Induction is often used not only to prove things but also to define things.
Suppose, to be specific, that $f$ is a function from a set $X$ into the same set
$X$, and suppose that $a$ is an element of $X$. It seems natural to try to define
an infinite sequence $\{u(n)\}$ of elements of $X$ (that is, a function $u$ from $\omega \to X$) in some such way as this: write $u(0) = a, u(1) = f(u(0)), u(2) = f(u(1))$, and so on. If the would-be definer were pressed to explain the "and so on," he might lean on induction. What it all means, he might say, is that we define $u(0)$ as $a$, and then, inductively, we define $u(n^{+})$ as $f(u(n))$ for every $n$. This may sound plausible, but, as justification for an existential assertion, it is insufficient. The principle of mathematical induction does indeed prove, easily, that there can be at most one function satisfying all the stated conditions, but it does not establish the existence of such a function.
(Book: Halmos, Paul. Naive Set Theory, Section 12, The Peano Axioms, p.48.)
What might Halmos mean by the line in bold? What is the proof in question? I feel like I am missing something obvious.
Context:
The set of natural numbers is denoted $\omega$ here.
The successor of $n$ is $n^{+}$ here.
Principle of induction is expressed set-theoretically as $$ S\subseteq \omega \wedge 0\in S \wedge (n\in S \Rightarrow n^{+} \in S) \Rightarrow S = \omega$$
Best Answer
Suppose two such functions $u_1$ and $u_2$ exist and they’re not equal. Then the set $A=\{ n \in \Bbb N \mid u_1(n) \neq u_2(n) \}$ is a non-empty set of natural numbers, so it must have a least element. What can that least element be?

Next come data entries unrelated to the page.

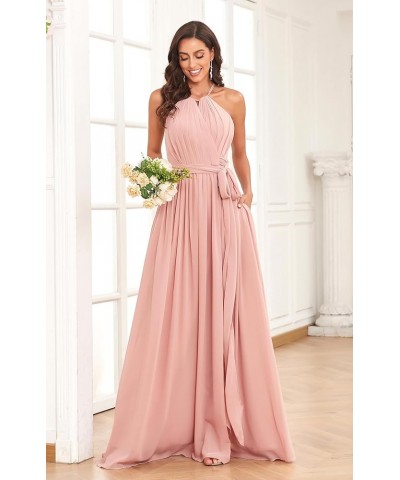 Women's Halter Bridesmaid Dresses for Wedding Chiffon Long Formal Prom Dress Wedding Guest Evening Gowns with Slit Lilac $33....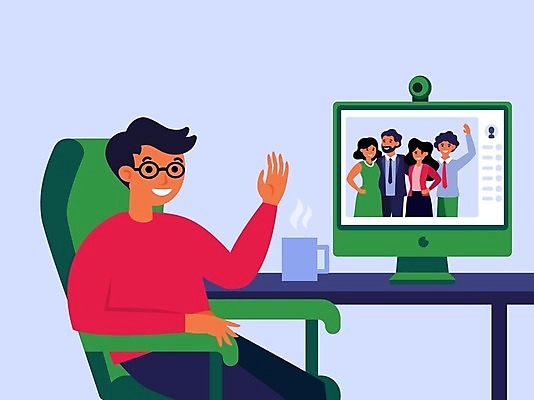 EPS 해외이미지 여자 남자 행복 허리손 의자 일러스트 가족 모바일 서기 앉기 여러명 성인 모니터 머그컵 가족라이프 손인사 온라인 화상통화 성인만 해외일러스트 라이프스타일 감정 포즈 가구 다수 관계 모션 사람 컵 컴퓨터 인사 통화 파일형식 벡터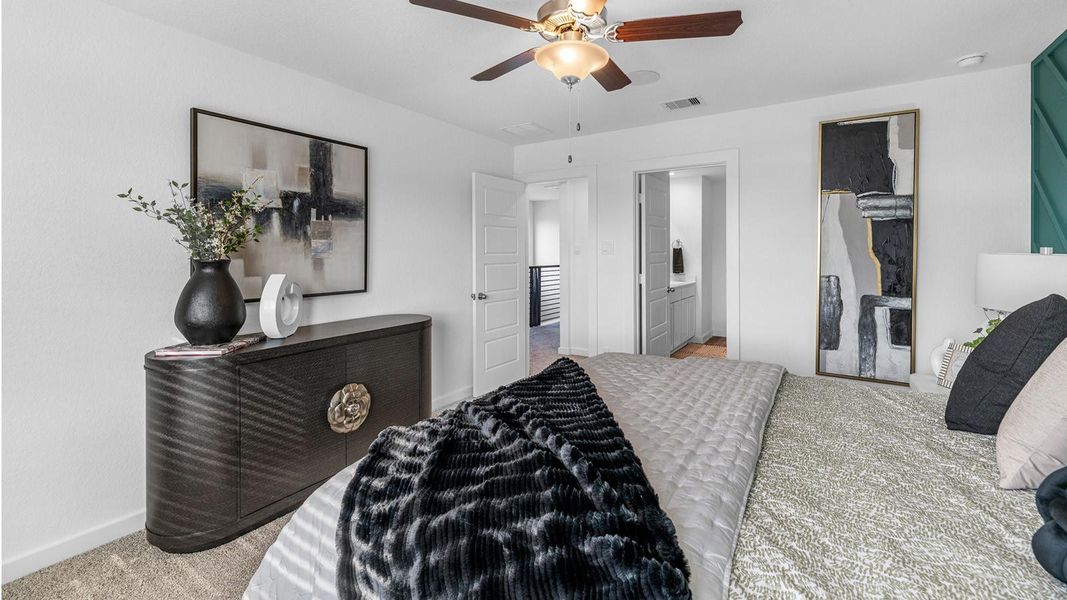 Representative photo. The second floor is designed for comfort and flexibility, highlighted by a spacious primary suite with a well-appointed bath that includes a separate shower and tub. Two additional bedrooms easily accommodate guests, while a central flex space creates endless possibilities for a game room, second living area, or personalized retreat. Representative photo. The second floor is designed for comfort and flexibility, highlighted by a spacious primary suite with a well-appointed bath that includes a separate shower and tub. Two additional bedrooms easily accommodate guests, while a central flex space creates endless possibilities for a game room, second living area, or personalized retreat.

It can’t be $0$ because we’re given that $u_1(0)=a=u_2(0)$. Therefore, the least element of $A$ must take the form $m+1$ for some $m$.
But that’s not possible either. Since $m+1$ is the least element where $u_1$ and $u_2$ differ, $m \lt m+1$ tells us that $u_1(m)=u_2(m)$. But then $u_1(m+1)=f(u_1(m))=f(u_2(m))=u_2(m+1)$ and, contrary to our assumption, $m+1 \notin A$ after all.
This contradiction shows that $A$ can’t have a least element, so it must be empty; in other words, $\forall n \in \Bbb N ~ (u_1(n)=u_2(n))$.